He added: “They [the authorities] have been trying to clean the Insha’at and Baba Amr area so that they can say ‘armed gangs’ did all the damage. It’s a kind of set-up.” Emad said the regime was bussing in supporters from pro-regime neighbourhoods to Baba Amr in a stage-managed ploy to demonstrate support for the government.
Regime forces recaptured Baba Amr last Thursday. Residents say Damascus deliberately delayed allowing in the UN and the Red Crescent so as to cover up evidence of atrocities and carry out so-called “mopping up” operations by pro-government soldiers and militias. The government rebuffed an earlier request by Amos to visit Syria, who will brief the UN security council next week.
The violence on the ground in Syria now appears to have shifted from Homs to other areas. The Syrian military on Wednesday attacked the pro-rebel town of Idlib near the Turkish border, according to witnesses, shelling several northern villages. In the southern province of Dera’a, thousands of people attended the funeral of two men killed earlier this week by Syrian army mortars.
Kofi Annan, the new UN-Arab League special envoy to Syria, is likely to visit Damascus on Saturday. It is not clear yet whether President Bashar al-Assad will meet him, and the prospect of a diplomatic breakthrough appears slim. Despite hopeful predictions of Assad’s imminent downfall, his regime appears to be more resilient under pressure than some had expected. Western diplomats concede he may – given time – succeed in crushing the uprising, which began a year ago next week.
Assad has cast rebel fighters from the Free Syrian Army as al-Qaida extremists. But most observers believe Syria's violent conflict isn't sectarian in character, even though the areas that have led the rebellion are predominantly Sunni Muslim. Assad – from Syria's ruling Alawite minority – has cast himself as the only person capable of guaranteeing the rights of non-Sunni groups. On Tuesday, Assad said that he will continue to confront "foreign-backed terrorism", state media reported.
Britain and the US have repeatedly ruled out arming Syria’s rebels. Instead, they are trying to increase political support to the country’s nascent opposition. In Washington, US defence secretary Leon Panetta rejected fresh demands for US military involvement in Syria to end Assad’s crackdown.

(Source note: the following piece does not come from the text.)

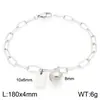 Pulsera Cuadrada de Moda con Letras Inglesas (26), Cadena Sencilla Tipo Clip Estilo Ins, Bola Redonda, Acero de Titanio Chapado en Oro de 18K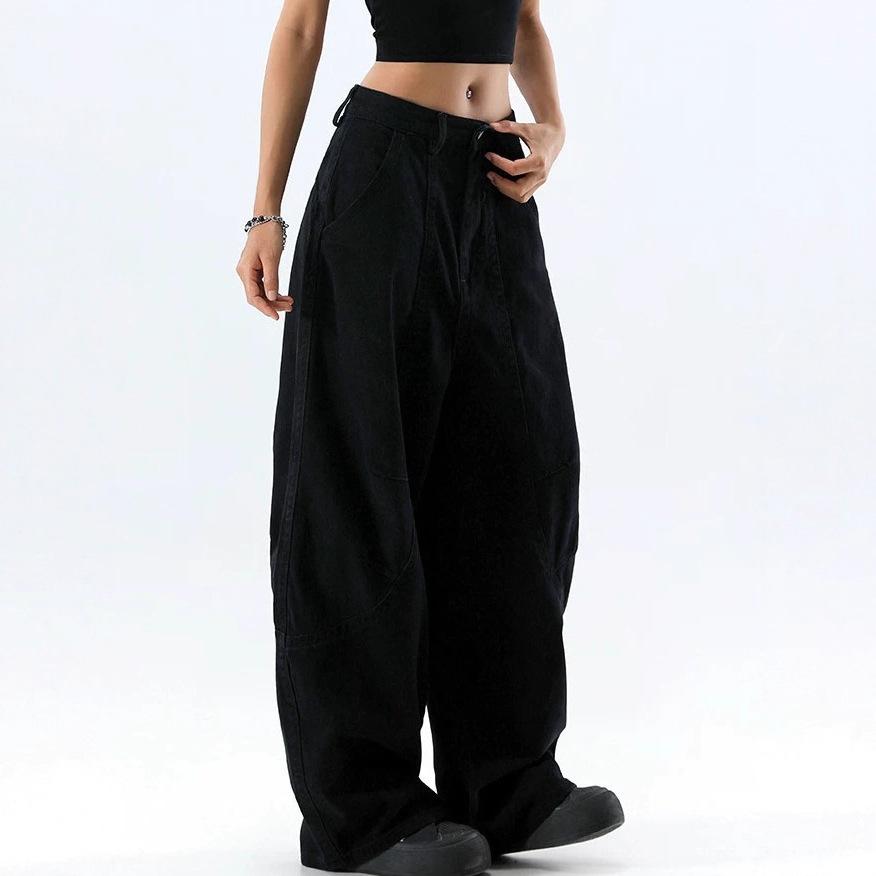 American black loose scimitar jeans women's summer new low-rise thin and drape wide-leg pants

“What doesn’t make sense is to take unilateral action right now,” Panetta told the Senate armed services committee about advising Obama to dispatch US forces. “I’ve got to make very sure we know what the mission is … achieving that mission at what price.”
The panel’s top Republican, Senator John McCain, said the estimated 7,500 dead meant that the US administration should emulate the leadership shown by President Bill Clinton during the war in Bosnia in the 1990s, and demonstrated by Obama in Libya last year. “In past situations, America has led. We’re not leading, Mr Secretary,” McCain told Panetta.
“This terrible situation has no simple answers,” Panetta replied.
Russia and China, powerful Syrian allies which have blocked a UN security council resolution, have made clear they were still standing by the regime in Damascus.
Still, in a sign of China’s growing alarm, Chinese commerce minister Chen Deming said Beijing was pulling its workers out of Syria because of the violence.
“I can tell you most Chinese workers have been withdrawn from that country to China,” he told a news conference on Wednesday. “There are only about 100 people left there taking care of projects, assets and property. We will wait until the local situation stabilises. We will go back to Syria and restart those projects.”